Mungkin lebih mengejutkan daripada asal atau arti istilah dumbwaiter adalah kenyataan bahwa, dalam beberapa tahun terakhir, beberapa pihak telah melobi agar hal itu diubah. Ungkapan ini sekarang dipandang sebagai penghinaan ringan, dan sejumlah istilah pengganti telah perlahan tapi pasti telah terjadi selama beberapa dekade terakhir. Nama alternatif untuk jenis perangkat ini termasuk microlift, Susan malas, dan nampan penyajian, yang semuanya dianggap lebih dapat diterima dan benar secara politis daripada istilah yang didefinisikan pada baris di atas.

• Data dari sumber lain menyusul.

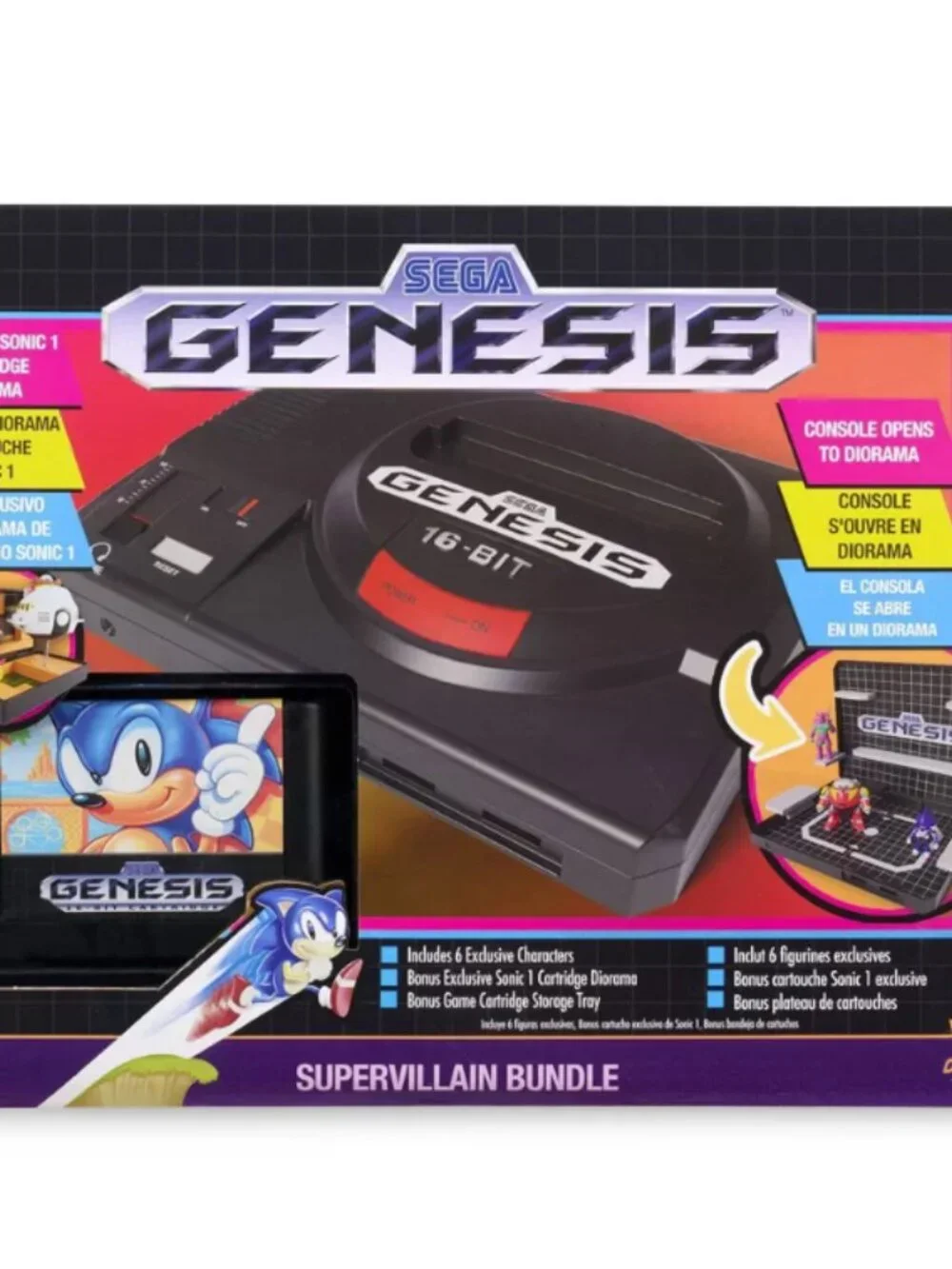 Sega Genesis Console Heroes Supervillain Boss Bundle + Sonic 1 Diorama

Terlepas dari upaya ini, bagaimanapun, tampaknya tidak mungkin bahwa istilah dumbwaiter akan keluar dari kesadaran publik dalam waktu dekat. Sekalipun kelompok-kelompok keagamaan alternatif ini semakin akrab dengan masyarakat umum yang lebih sadar sosial, transisi tidak akan terjadi dalam semalam; prosesnya akan memakan waktu beberapa tahun, dan hingga saat itu, alat-alat kecil yang berguna ini akan terus dikenal dengan nama mereka saat ini.

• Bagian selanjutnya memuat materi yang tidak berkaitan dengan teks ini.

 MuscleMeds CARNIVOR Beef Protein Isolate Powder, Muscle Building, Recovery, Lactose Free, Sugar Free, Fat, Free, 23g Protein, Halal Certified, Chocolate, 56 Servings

Apapun nama yang mereka ketahui, bagaimanapun, satu hal tampak jelas: para dungu harus terus bermain hanya sebagai kunci peran dalam industri perhotelan dan katering dalam dekade mendatang seperti yang mereka lakukan sekarang. Sifat lift yang serbaguna dan mudah digunakan ini menjadikan mereka sebagai aset tak tergantikan di dapur atau ruang cuci yang besar dan bergaya industri, dan status ini terlihat tetap tidak berubah di masa mendatang. Apakah mereka dikenal sebagai dumbuner, microlift, Malas Susans, melayani nampan atau nama lainnya, lift ini harus terus menjadi teman-teman staf hotel dan rumah sakit selama mereka masih dalam produksi.